1Kubernetes is more than hype

I’ve been active in Kubernetes for a long time, so this wasn’t a surprise to me, but when something gets hyped up, it’s always good to double check. In a little over two years, my team has completed a full migration from Ansible+Terraform to pure Kubernetes, and in the process we have more than tripled our deployment rate while reducing deployment errors to the “I can’t remember the last time it happened” level. We’ve also improved operational visibility, a number of boring but important automated tasks, and average recovery times when infrastructure outages occur.

Kubernetes is not magic, but when used by a team that understands it, it is a very powerful tool.
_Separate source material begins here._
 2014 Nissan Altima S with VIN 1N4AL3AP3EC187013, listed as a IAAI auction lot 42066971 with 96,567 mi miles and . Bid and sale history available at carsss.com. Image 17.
2Traefik + Cerrt-Manager + Ext-DNS is a great combination

The combination of Traefik as the Ingress controller, cert-manager generating certificates through LETSEncrypt, and external-DNS managing edge DNS records makes HTTP routing and management as smooth as butter. I’ve been complaining about the choice to remove many of the 1.x annotation features in Traefik 2.0, but they’re finally back in 2.2, albeit in a different form. As an edge agent, Traefik is a solid choice with excellent metrics integration, the fewest managed parts of any Ingress controller, and a responsive development team. The cert-manager is an amazing tool to use with any Ingress solution, so if you’ve done TLS in a Kubernetes cluster but haven’t started using it yet, it’s time to learn about it.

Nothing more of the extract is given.